───── Given records

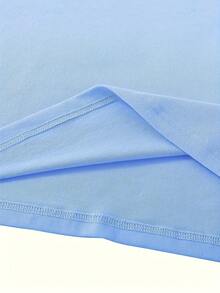 Evil Dolls Print Crew Neck T-Shirt - Fashionable Womens Graphic Print T-Shirt - Casual Short Sleeve Crew Neck Top - Lightweight & Breathable For Spring & Summer Wardrobe, 1 Piece, 200g - trời xanh - Xem 3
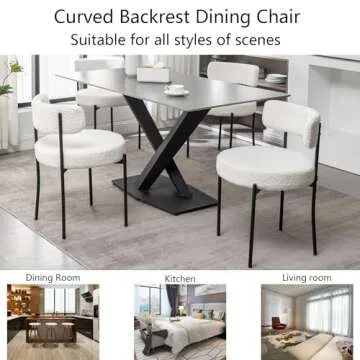 Cinxzar White Boucle Dining Chairs Set of 6, Upholstered Dining Room Chairs with Black Metal Legs, Round Modern Dining Chair for Dining Room, Kitchen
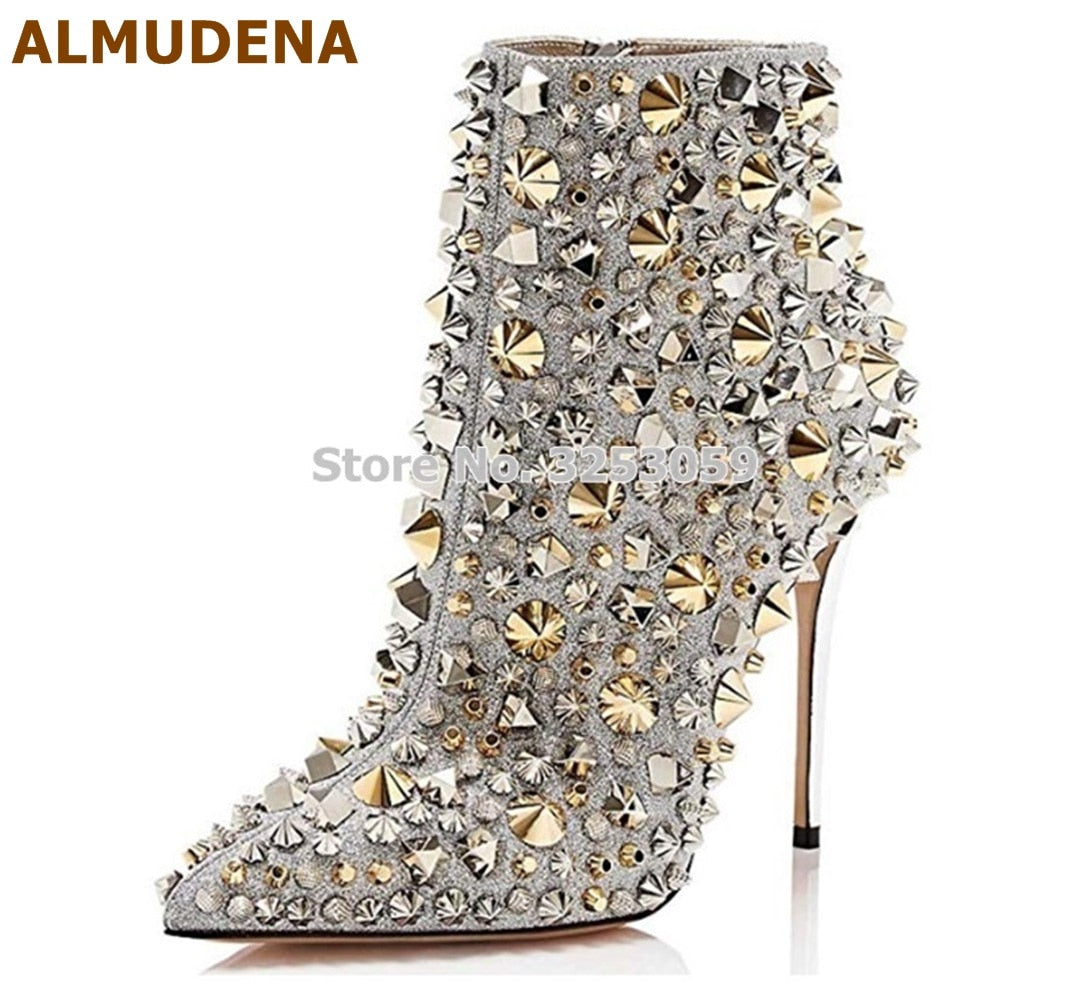 Glitter Gold Metallic Studs Ankle Boots Stiletto Heel Silver Shell Spikes Pointed Toe Booties Celebrity Dress Shoes - JAS AND SUE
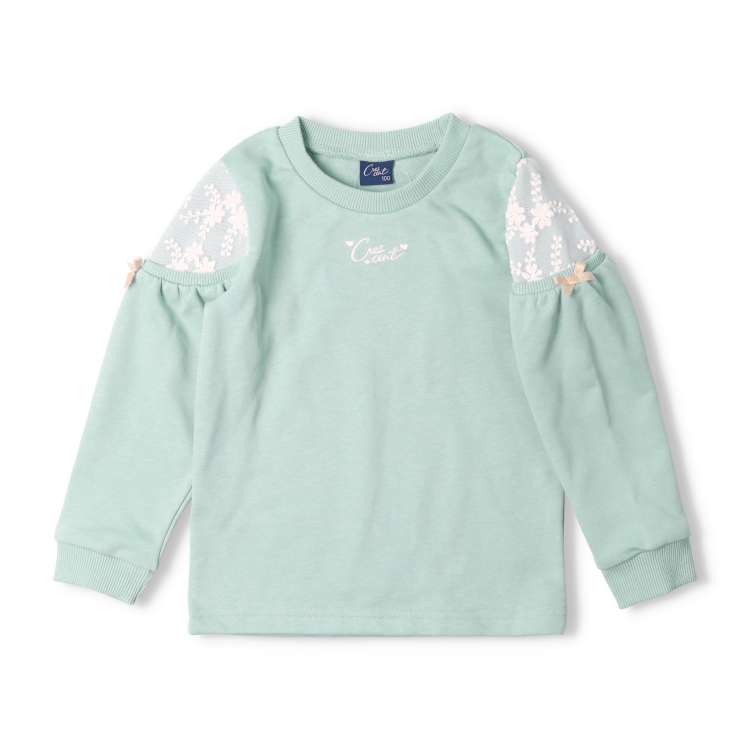 Shoulder lace fleece sweatshirt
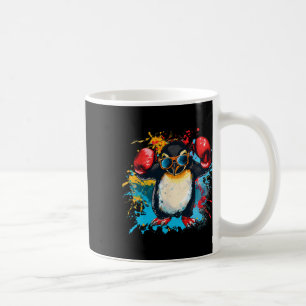Taza De Café Pingüino Boxeando Con Guantes De Boxeo Kickboxing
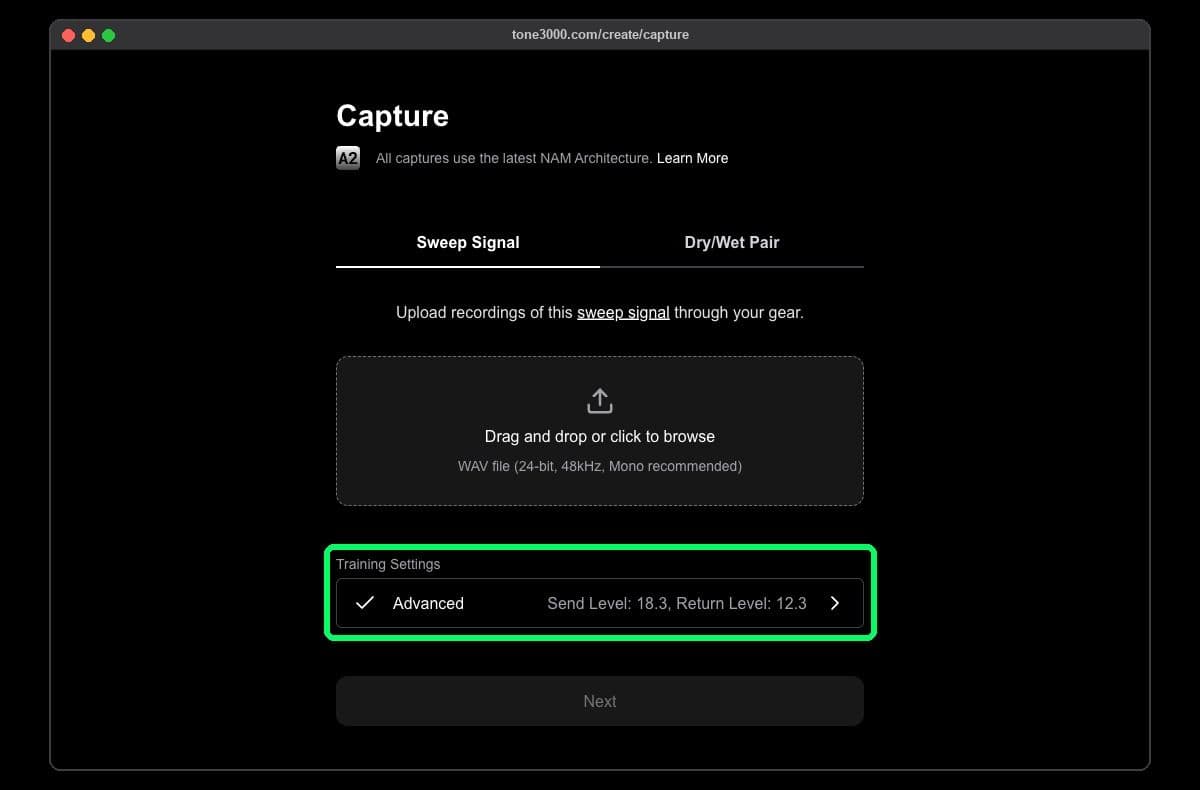 The TONE3000 capture page with the Advanced button under Training Settings highlighted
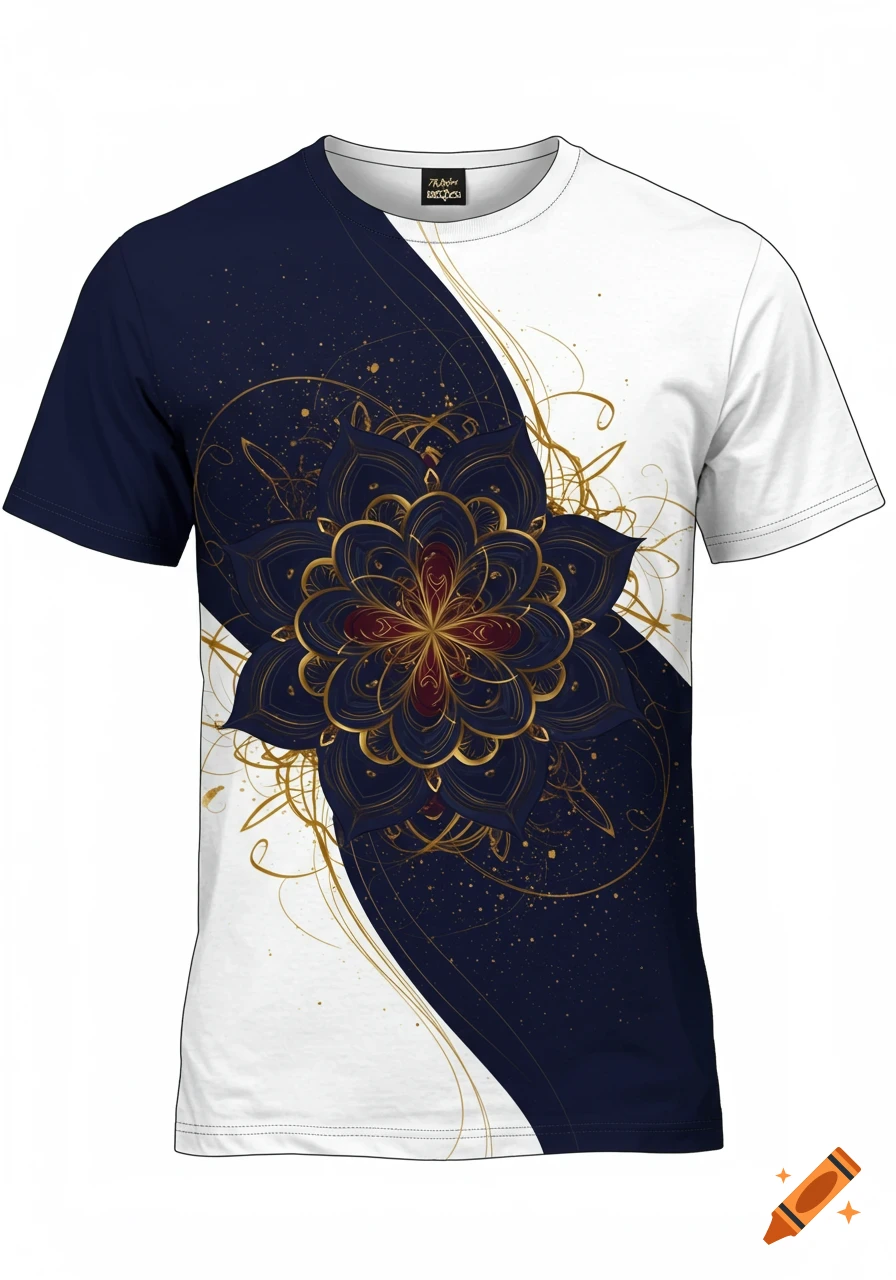 A white and dark blue t-shirt with an ornate gold and dark blue mandala flower design.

──────────

*What to produce:*
An exact transcription is needed, covering the line with "Glitter Gold Metallic" and every line after it to the end of the entries, but not the pictures.

*Finished task:*
 Glitter Gold Metallic Studs Ankle Boots Stiletto Heel Silver Shell Spikes Pointed Toe Booties Celebrity Dress Shoes - JAS AND SUE
 Shoulder lace fleece sweatshirt
Taza De Café Pingüino Boxeando Con Guantes De Boxeo Kickboxing
 The TONE3000 capture page with the Advanced button under Training Settings highlighted
 A white and dark blue t-shirt with an ornate gold and dark blue mandala flower design.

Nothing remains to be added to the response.